Series B — Session 02: Secure Boot & Chain of Trust
Objective - Explain secure boot concepts: measured boot, verified boot, immutable root of trust, and how to chain signatures from ROM→BL→Kernel→Userland.
Prereqs
- openssl for signature generation/verification examples.
Fixed parameters (demo key names)
- bootpriv.pem, bootpub.pem, kernel.bin, kernel.sig
Correct Path (copy/paste)
# Sign kernel image with a private key
openssl dgst -sha256 -sign bootpriv.pem -out kernel.sig kernel.bin
# Verify signature using public key (on device bootloader)
openssl dgst -sha256 -verify bootpub.pem -signature kernel.sig kernel.bin
Break Case (single-variable change) - Skip signature verification step in the bootloader; demonstrate that modified kernel images boot unchecked.

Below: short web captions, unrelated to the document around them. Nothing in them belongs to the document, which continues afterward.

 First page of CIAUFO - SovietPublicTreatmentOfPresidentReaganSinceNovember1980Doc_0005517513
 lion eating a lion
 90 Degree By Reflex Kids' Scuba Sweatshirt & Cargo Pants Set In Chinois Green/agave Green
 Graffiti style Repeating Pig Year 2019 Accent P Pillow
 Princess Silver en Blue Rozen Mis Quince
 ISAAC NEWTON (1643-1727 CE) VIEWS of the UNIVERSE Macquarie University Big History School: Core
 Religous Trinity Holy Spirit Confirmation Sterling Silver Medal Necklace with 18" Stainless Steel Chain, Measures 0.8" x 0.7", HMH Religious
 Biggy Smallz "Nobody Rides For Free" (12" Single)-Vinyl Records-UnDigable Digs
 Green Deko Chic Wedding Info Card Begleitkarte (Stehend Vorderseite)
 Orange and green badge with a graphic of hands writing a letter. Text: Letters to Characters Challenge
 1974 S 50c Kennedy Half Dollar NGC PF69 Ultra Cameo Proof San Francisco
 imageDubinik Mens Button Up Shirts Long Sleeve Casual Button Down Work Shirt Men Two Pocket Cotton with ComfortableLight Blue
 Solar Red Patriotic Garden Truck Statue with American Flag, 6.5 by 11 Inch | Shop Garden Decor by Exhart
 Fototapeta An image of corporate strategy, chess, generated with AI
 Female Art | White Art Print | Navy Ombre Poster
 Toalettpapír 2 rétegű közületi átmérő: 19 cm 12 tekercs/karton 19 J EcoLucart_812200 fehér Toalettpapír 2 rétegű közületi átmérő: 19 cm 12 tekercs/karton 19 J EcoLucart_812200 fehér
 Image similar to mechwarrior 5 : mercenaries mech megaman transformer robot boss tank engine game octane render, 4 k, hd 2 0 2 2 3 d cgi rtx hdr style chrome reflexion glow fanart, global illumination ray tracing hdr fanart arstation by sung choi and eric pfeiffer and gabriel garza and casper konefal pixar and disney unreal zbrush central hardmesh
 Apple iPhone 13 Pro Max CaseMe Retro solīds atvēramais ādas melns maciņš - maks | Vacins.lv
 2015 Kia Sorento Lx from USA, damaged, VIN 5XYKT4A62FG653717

Observation - Without verification, chain of trust breaks and any image can be installed.
Why - Secure boot depends on an immutable root of trust verifying each stage; skipping checks removes guarantees.
Hard Rules - Enforce signature verification in immutable code (ROM or first-stage bootloader). - Keep verification keys in protected storage; consider hardware-backed keys (TPM/TEE). - Support rollback protection (monotonic counters or anti-rollback metadata).
Homework - Sketch the chain of trust for your device and list where signatures and verification occur.